By Roger Barbee
Many years ago I spent a few days in Cape May, N. J. to see the historical town and its Victorian houses. One afternoon I joined a walking tour of the town and the knowledgeable guide told the history of many houses and pointed out all the details of each. I remember him telling the group the purpose of the intricate gingerbread was not only to decorate the eaves and porches, but also to cast shadows of its various shapes onto the house. Skeptical of his interpretation for the finely turned gingerbread, I took a walk-through town early the next day, and I found the treasures that he had described: Before that tour I had only seen the gingerbread of any house in one dimension, it was just a good decoration on various parts of a house, but after that morning walk on the quiet streets of Cape May I saw another reel of what I had thought I had seen many times before.
Since that time in Cape May, I have marveled at gingerbread on houses and building. For many years I lived in the Shenandoah Valley of Virginia which boasts many fine examples of gingerbread. Now I live on Lake Norman in North Carolina and the modern homes here have no gingerbread. But one recent morning while riding my stationary bike, I saw in the light of dawn the best gingerbread ever.
Because of the recent cloudy weather, and the earth’s tilt, the dawn I witnessed was markedly different than other ones, even on the day before. Riding the stationary bike in the shadow of our home, the sun was out of sight as it rose over Lake Norman, but its rays shown on the tall poplar tree across the road. The leafless branches of the tree held streams of dawn’s early sunlight before it moved on to lighten the shorter trees and eventually the lower trunks of the tall pines. Before too many minutes on the bike, I saw that dawn’s light highlighted the crepe myrtles in Brenda and Bill’s yard across our road. Since their row of crepe myrtles had not been crepe murdered, as observed by the Grumpy Gardner, their branches flowed skyward in a graceful reach. But I remembered the Cape May guide, so I looked at and beyond the bare branches of the trees to see their shadows on the Brenda’s house. By so doing, the dawn had another dimension.
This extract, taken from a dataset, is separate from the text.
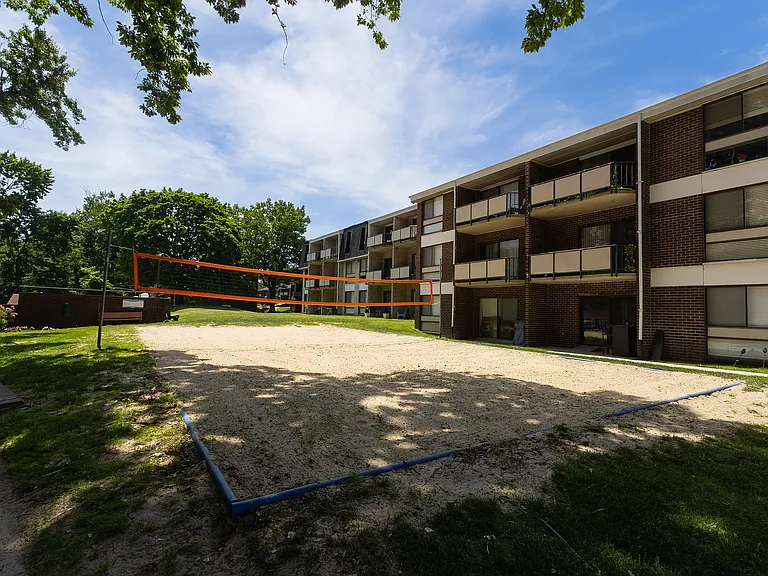 Summit Park Volleyball Court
Many dawns have I seen. Once I took a group of high school seniors on a hike in the morning dark to a rock outcrop overlooking Shrinemont, a retreat center in Virginia. Settling onto the large stone, we sat watching the dawn come, trying to locate on the forested horizon exactly where the sun would show. Time in that stillness seemed halted, but suddenly one of the students said in a hushed shout, “There it is.” We each watched until it grew too bright in the surrounding dark to directly look to, waiting for it to clear the eastern edge of that dawn. We then stood, stretched, and hurried down the trail to the dining lodge for a breakfast of fired apples, sausage, and pancakes.
In Hold Everything Dear, John Berger writes, “A mountain stays in the same place, and can almost be considered immortal, but to those who are familiar with the mountain, it never repeats itself.” Since moving to Lake Norman and taking my morning rides on the driveway, I have become familiar with our pine trees and the trees in our neighbor’s yards, the lake, our quiet road, sunrises, sunsets, and walking neighbors. All are like Berger’s mountain.
Many dawns. Like Berger’s mountain, all are the same, but all different. Each dawn, like the gingerbread on a house or the people who live in the house, will cast a different shadow each day: The shadows of mountains, trees, lakes, people, and more will mark the day as the same, but never repetitious.
Many dawns, and each casting its own shadows and memories.